L’imperfezione della vita
consigliato da Martina Renata Prosperi
#LibriInTasca è lo Speciale sul sito dell’Indice che accompagnerà la vostra estate.
Sarà un compagno di viaggio loquace e mai banale, e si comporrà di tanti consigli di lettura suggeriti da voci diverse e penne più o meno note: libri pensati per viaggiatori in cerca di avventure e tomi poderosi per chi poltrisce sotto l’ombrellone.
Annie Ernaux
L’ALTRA FIGLIA
trad. di Lorenzo Flabbi, pp. 81, € 8,50
L’Orma, Roma 2016
Vive quasi senza trama questo romanzo, oppure, al contrario, è la trama più impavida: quella che intesse un ordito assente e rintraccia le voci nel tempo non per suoni, ma per risonanze. È il 27 agosto 1950 quando la piccola Annie, origliando una conversazione della madre, scopre di non essere figlia unica. C’è stata un’altra prima di lei, una bambina “più buona”, scrive Ernaux, ricordando a sessant’anni di distanza l’eco esatta di quelle parole: “morta come una piccola santa”.
Ma L’altra figlia non inizia dalle parole, inizia da “una foto color seppia, ovale, incollata…” su una descrizione obiettiva, su un supporto statico, bidimensionale, come statica e bidimensionale, negazione stessa delle parole – “anti-linguaggio” – è l’esistenza-assenza di una sorella sconosciuta. “Tu non sei mia sorella,” chiarisce Ernaux, “non lo sei mai stata”. Non vi è infatti alcun amorevole tentativo di recupero, di riesumazione, né da parte di Annie bambina – che, anzi, accondiscende volentieri al silenzio dei genitori –, né da parte di Annie adulta, di Annie madre, di Annie scrittrice: “Che ti stia scrivendo (…) per ucciderti un’altra volta?”.
Il centro del libro del resto non è quella vita mancata, “la grande assente”, “il segreto”. Una bambina morta non cresce, non sbaglia, non finge neppure, perché non ha bisogno di sentirsi legittimata a esistere. È Annie, invece, che crescerà come la sopravvissuta, la sostituta iconoclasta, la “saputella, insolente (…), pestifera”; Annie che fingerà tacendo – e poi scrivendo – per essere amata. La morte esclude chi resta dal Parnaso della perfezione, e chi scompare, invece, lo esclude dall’errore, lo ferma in una foto, in una posa, in “parole che non sono mai cambiate”.
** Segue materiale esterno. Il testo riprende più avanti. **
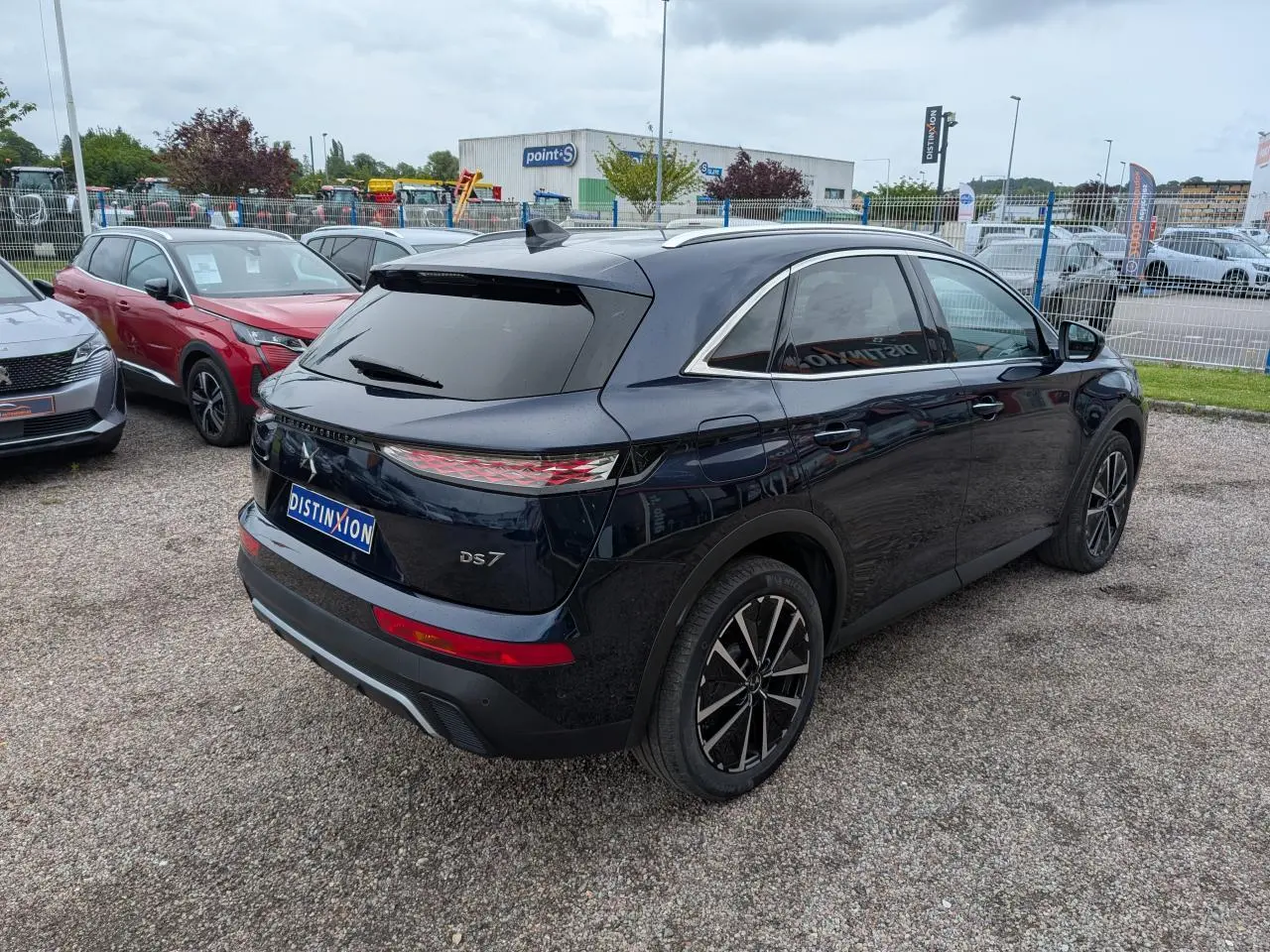 Vue 3/4 arrière droite d'un DS7 bleu métallisé avec feux arrière LED 3D et jantes alliage noires.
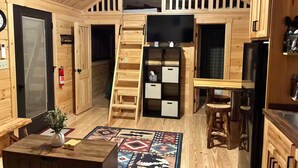 A wooden interior with a loft, a television, a kitchen area, and a patterned rug.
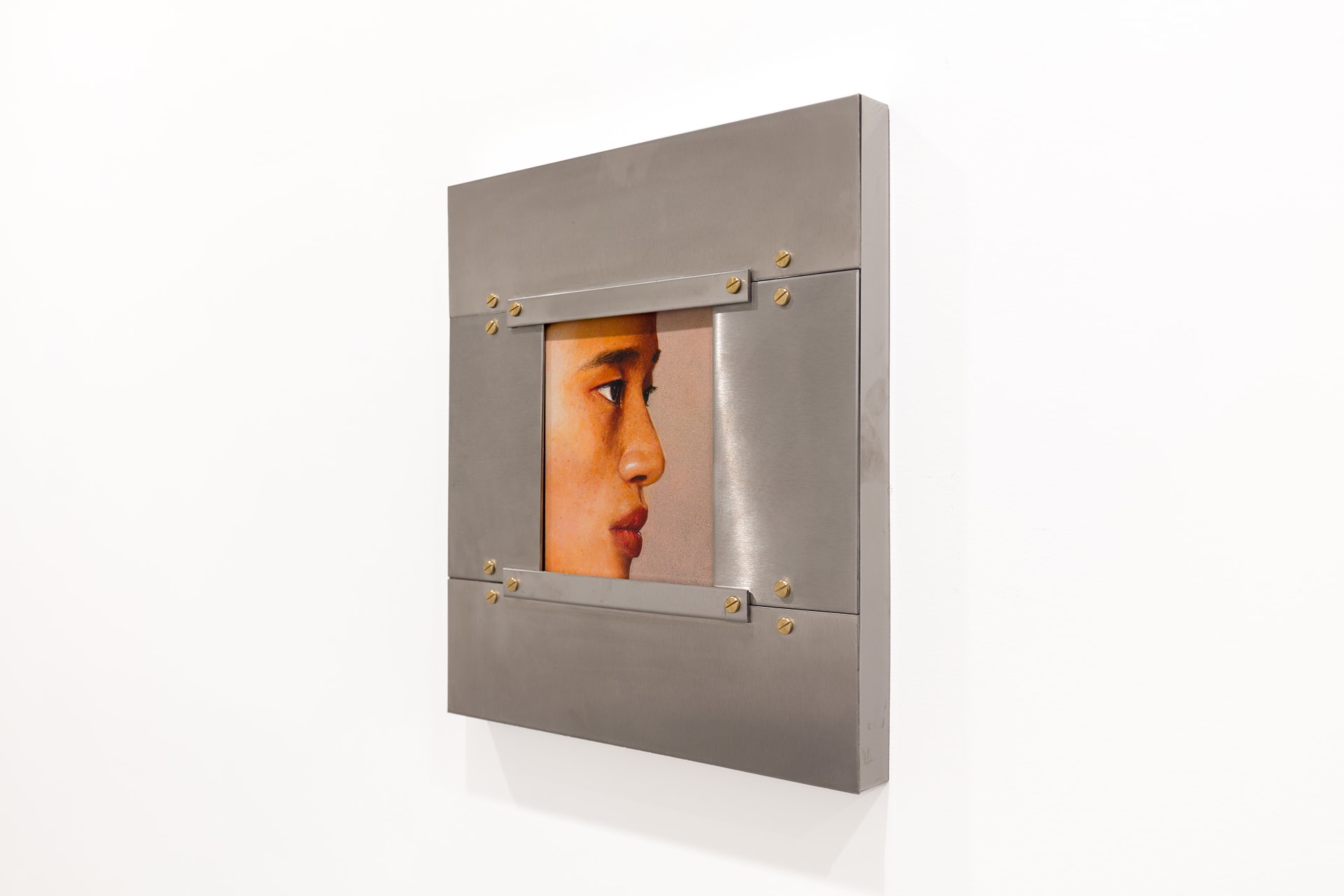 A painting by Ki Yoong of the side profile of a young man's face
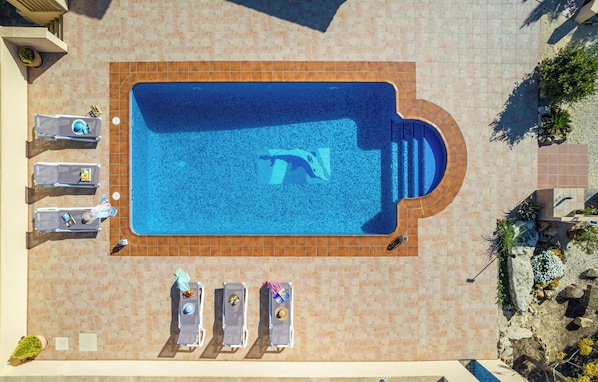An aerial view of a swimming pool with lounge chairs and a sunbathing area.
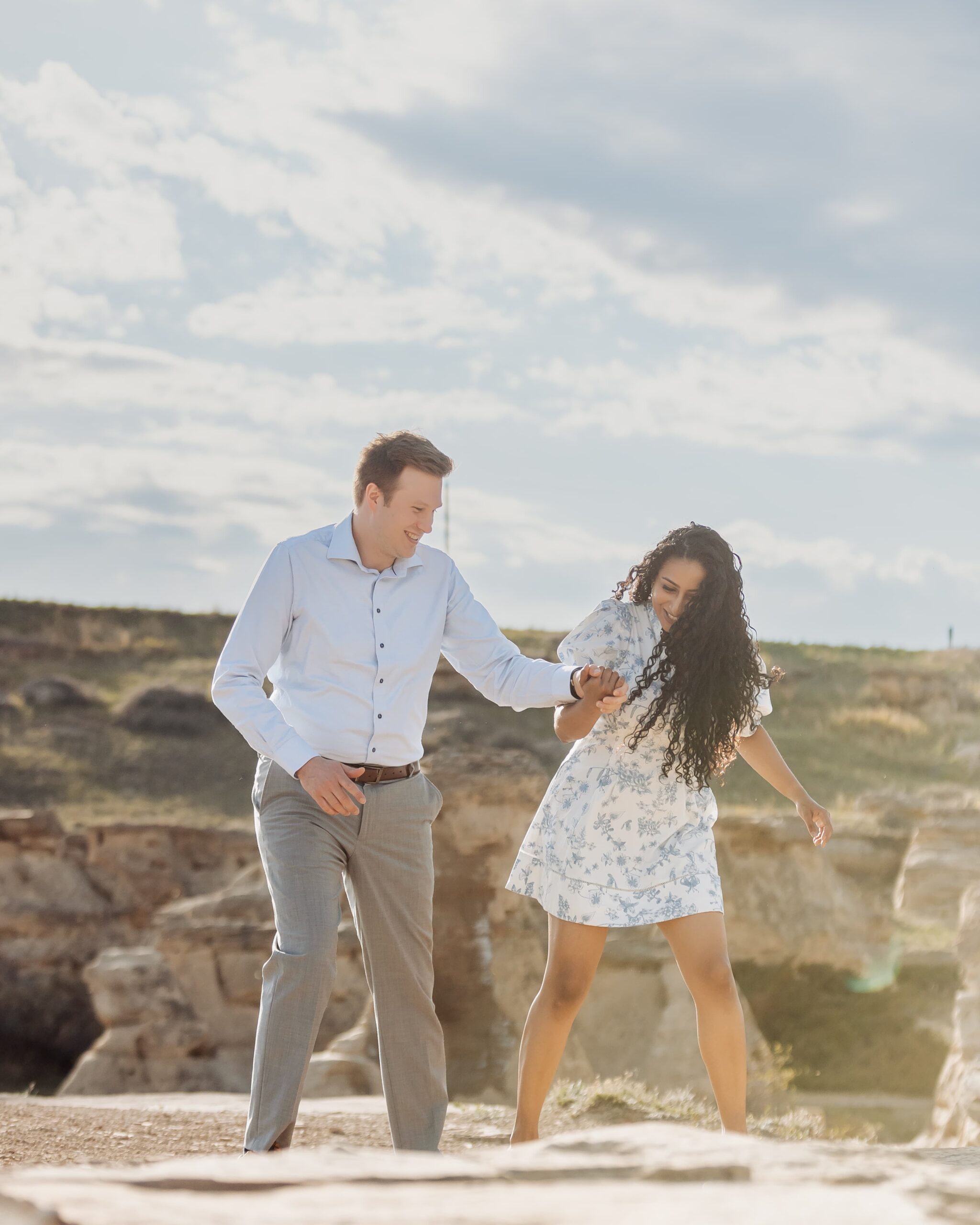 Couple playfully walking along hoodoos in Southern Alberta.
Con un nitore linguistico, cui la traduzione non viene meno, e un’acutezza talvolta spiazzante, la sfida di Ernaux è quella – indispensabile – di farsi ponte-dialogo fra generazioni. Ponte, cioè, sulla distesa de Gli anni (Les anneés, il precedente libro di Ernaux, del 2008), sì, ma anche di quotidianità, di famiglie, di dettagli, che separano noi persone conviventi fra due secoli, ma anche noi stessi da noi stessi in momenti diversi… “Soltanto oggi mi pongo una domanda, − scrive Ernaux tornando ai propri genitori, al tabù sulla primogenita − Perché non dir loro che sapevo? Gli interrogativi ritardati, intimi o collettivi che siano, rivelano solo che era impossibile porsi prima quella stessa domanda. Negli anni Cinquanta (…) era proibito interpellare i genitori, o gli adulti in generale, su ciò che non volevano che sapessimo ma che in realtà sapevamo già.”
E io mi domando se quegli anni non dicano ancora qualcosa di questi; se quei bambini senza risposte siano ora adulti in cerca di nomi – parole che assegnino un posto, un bordo, un ruolo: che giustifichino. Mi domando se siamo proprio noi lettori, e non l’invisibile Ginette, i destinatari indiretti, illegittimi, eppure prediletti, di questa lettera parlante… Noi che l’abbiamo sentita e scelta da uno scaffale muto, catturati dalle sue risonanze.